§ Provided entries
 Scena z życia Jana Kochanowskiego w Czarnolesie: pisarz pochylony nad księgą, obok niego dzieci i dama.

---

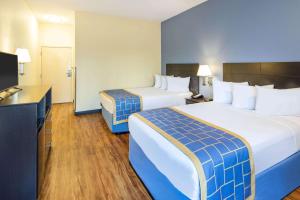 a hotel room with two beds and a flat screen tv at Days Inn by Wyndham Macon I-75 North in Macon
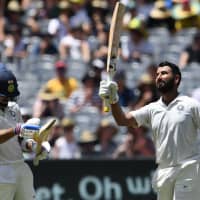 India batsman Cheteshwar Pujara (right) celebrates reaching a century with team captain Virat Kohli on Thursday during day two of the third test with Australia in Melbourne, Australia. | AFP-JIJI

§ Task description
From the data above, retype only the lines starting with the line with "a hotel room" and going on through the line with "India batsman Cheteshwar", exactly, leaving out the pictures.

§ Exercise response
 a hotel room with two beds and a flat screen tv at Days Inn by Wyndham Macon I-75 North in Macon
 India batsman Cheteshwar Pujara (right) celebrates reaching a century with team captain Virat Kohli on Thursday during day two of the third test with Australia in Melbourne, Australia. | AFP-JIJI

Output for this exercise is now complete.